[INFORMATION SUPPLIED]
+---+

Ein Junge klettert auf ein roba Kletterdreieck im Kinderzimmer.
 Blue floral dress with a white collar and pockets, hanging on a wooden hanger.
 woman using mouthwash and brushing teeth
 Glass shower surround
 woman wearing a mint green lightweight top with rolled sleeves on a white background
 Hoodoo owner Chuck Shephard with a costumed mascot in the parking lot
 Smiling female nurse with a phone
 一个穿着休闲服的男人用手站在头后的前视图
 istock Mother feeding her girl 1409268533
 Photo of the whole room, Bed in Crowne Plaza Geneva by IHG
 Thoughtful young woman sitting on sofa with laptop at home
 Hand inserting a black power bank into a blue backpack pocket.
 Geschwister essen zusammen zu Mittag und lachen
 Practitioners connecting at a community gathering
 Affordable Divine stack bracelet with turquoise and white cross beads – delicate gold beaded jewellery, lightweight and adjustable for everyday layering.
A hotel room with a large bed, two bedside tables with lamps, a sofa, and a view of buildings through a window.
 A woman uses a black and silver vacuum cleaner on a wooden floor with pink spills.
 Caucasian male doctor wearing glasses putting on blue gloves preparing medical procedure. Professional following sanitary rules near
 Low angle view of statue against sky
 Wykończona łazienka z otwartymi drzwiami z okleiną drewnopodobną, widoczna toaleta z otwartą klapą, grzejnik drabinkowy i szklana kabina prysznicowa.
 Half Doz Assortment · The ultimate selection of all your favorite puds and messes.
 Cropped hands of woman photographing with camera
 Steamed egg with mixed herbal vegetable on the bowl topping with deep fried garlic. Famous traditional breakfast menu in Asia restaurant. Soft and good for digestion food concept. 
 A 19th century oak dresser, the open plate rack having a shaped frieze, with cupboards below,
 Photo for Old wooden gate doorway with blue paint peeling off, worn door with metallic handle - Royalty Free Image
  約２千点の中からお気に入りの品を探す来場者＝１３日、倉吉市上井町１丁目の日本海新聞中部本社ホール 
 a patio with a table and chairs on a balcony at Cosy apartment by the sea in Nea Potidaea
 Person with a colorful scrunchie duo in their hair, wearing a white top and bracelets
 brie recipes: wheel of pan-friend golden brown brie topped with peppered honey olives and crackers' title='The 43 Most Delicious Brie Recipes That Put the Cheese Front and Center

+---+

Your output should consist solely of the lines from the beginning of the entries through the line containing "Caucasian male doctor", reproduced exactly.

Ein Junge klettert auf ein roba Kletterdreieck im Kinderzimmer.
 Blue floral dress with a white collar and pockets, hanging on a wooden hanger.
 woman using mouthwash and brushing teeth
 Glass shower surround
 woman wearing a mint green lightweight top with rolled sleeves on a white background
 Hoodoo owner Chuck Shephard with a costumed mascot in the parking lot
 Smiling female nurse with a phone
 一个穿着休闲服的男人用手站在头后的前视图
 istock Mother feeding her girl 1409268533
 Photo of the whole room, Bed in Crowne Plaza Geneva by IHG
 Thoughtful young woman sitting on sofa with laptop at home
 Hand inserting a black power bank into a blue backpack pocket.
 Geschwister essen zusammen zu Mittag und lachen
 Practitioners connecting at a community gathering
 Affordable Divine stack bracelet with turquoise and white cross beads – delicate gold beaded jewellery, lightweight and adjustable for everyday layering.
A hotel room with a large bed, two bedside tables with lamps, a sofa, and a view of buildings through a window.
 A woman uses a black and silver vacuum cleaner on a wooden floor with pink spills.
 Caucasian male doctor wearing glasses putting on blue gloves preparing medical procedure. Professional following sanitary rules near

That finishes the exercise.